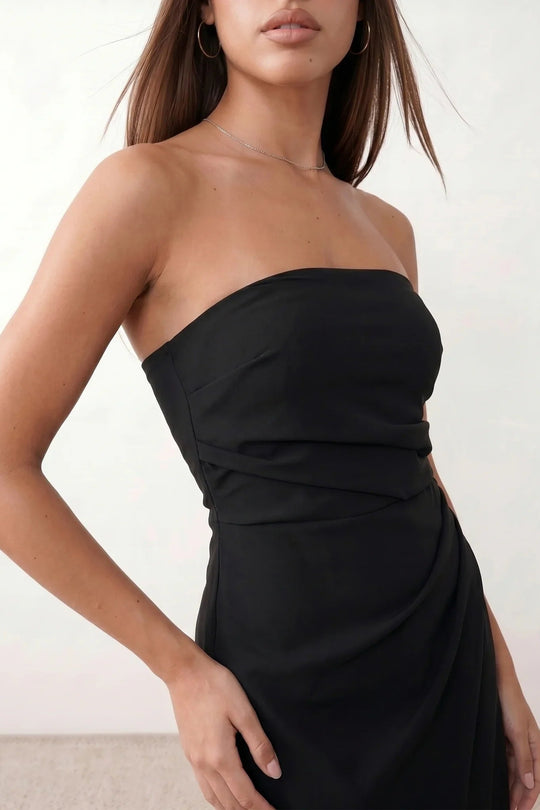 Woman wearing the strapless square neck fitted maxi dress with a structured fold-over bodice, ruched waist, low back and side slit, elegant full-length evening gown for weddings, black-tie events and formal occasions.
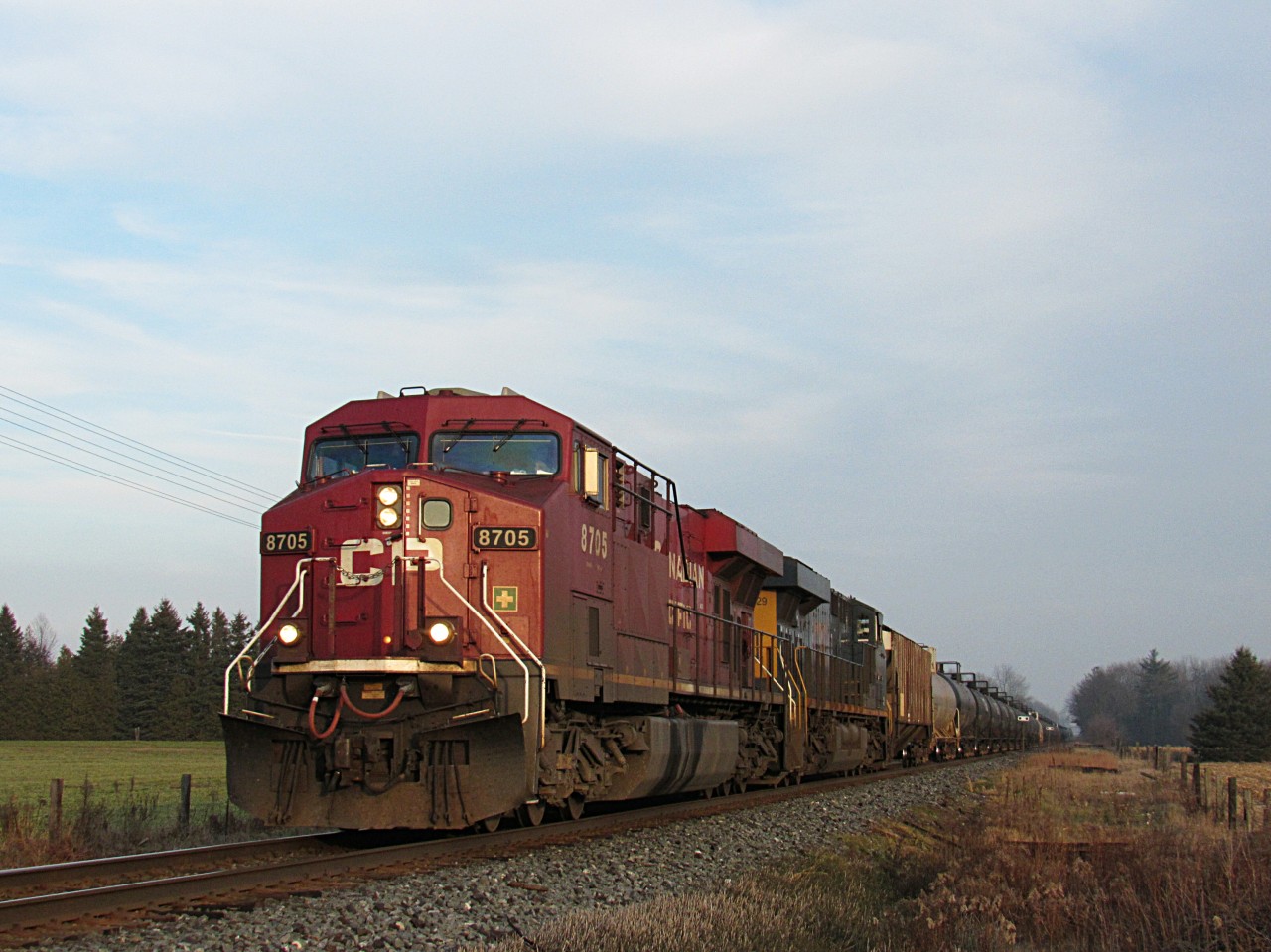 Ever had to chase high ballin oil cans from Hamilton to practically Woodstock because of your scanner? If so, you may relate to this story... CP 8705 was cleared north on the Hamilton Sub out of Kinnear. Didn't hear it because the transmission was muffled, so I assumed it was a yard job or 255 or 247. But thanks to a Facebook post, it was empty CP oil train, 647 with CSX 3028 trailing. After 246 showed up at 6 in the morning with a UP, amd in the dark, this was our only foreign power for the day. We drove all the way from CN Snake, to Ayr, Ontario to catch up to 647 and see it. We arrived in Ayr, and it was still a while away (so I thought). So,we headed east to Orr's Lake siding. Missed it. Then drove to Wolverton, but it would of been too close. So, we decided to go to Blandford Siding where we finally caught it.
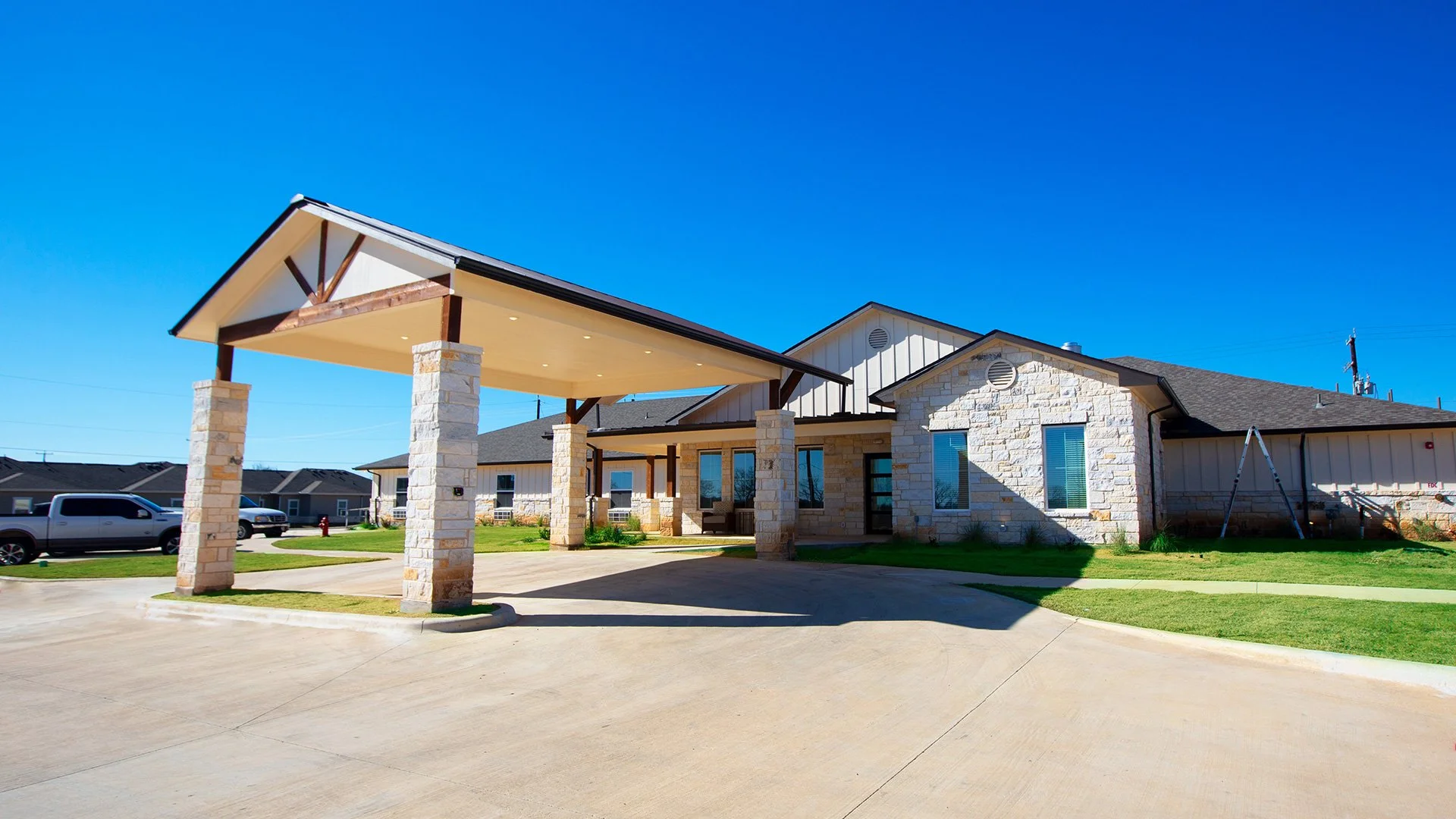 Modern residential building with stone and siding exterior, covered entrance with stone columns, parked vehicles, and clear blue sky.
=====
▸ **Required action**: All lines from the beginning of the material through the line that holds "Ever had to", both included, should be returned exactly; please omit any pictures and add no other lines.

▸ **Response**:
 Woman wearing the strapless square neck fitted maxi dress with a structured fold-over bodice, ruched waist, low back and side slit, elegant full-length evening gown for weddings, black-tie events and formal occasions.
 Ever had to chase high ballin oil cans from Hamilton to practically Woodstock because of your scanner? If so, you may relate to this story... CP 8705 was cleared north on the Hamilton Sub out of Kinnear. Didn't hear it because the transmission was muffled, so I assumed it was a yard job or 255 or 247. But thanks to a Facebook post, it was empty CP oil train, 647 with CSX 3028 trailing. After 246 showed up at 6 in the morning with a UP, amd in the dark, this was our only foreign power for the day. We drove all the way from CN Snake, to Ayr, Ontario to catch up to 647 and see it. We arrived in Ayr, and it was still a while away (so I thought). So,we headed east to Orr's Lake siding. Missed it. Then drove to Wolverton, but it would of been too close. So, we decided to go to Blandford Siding where we finally caught it.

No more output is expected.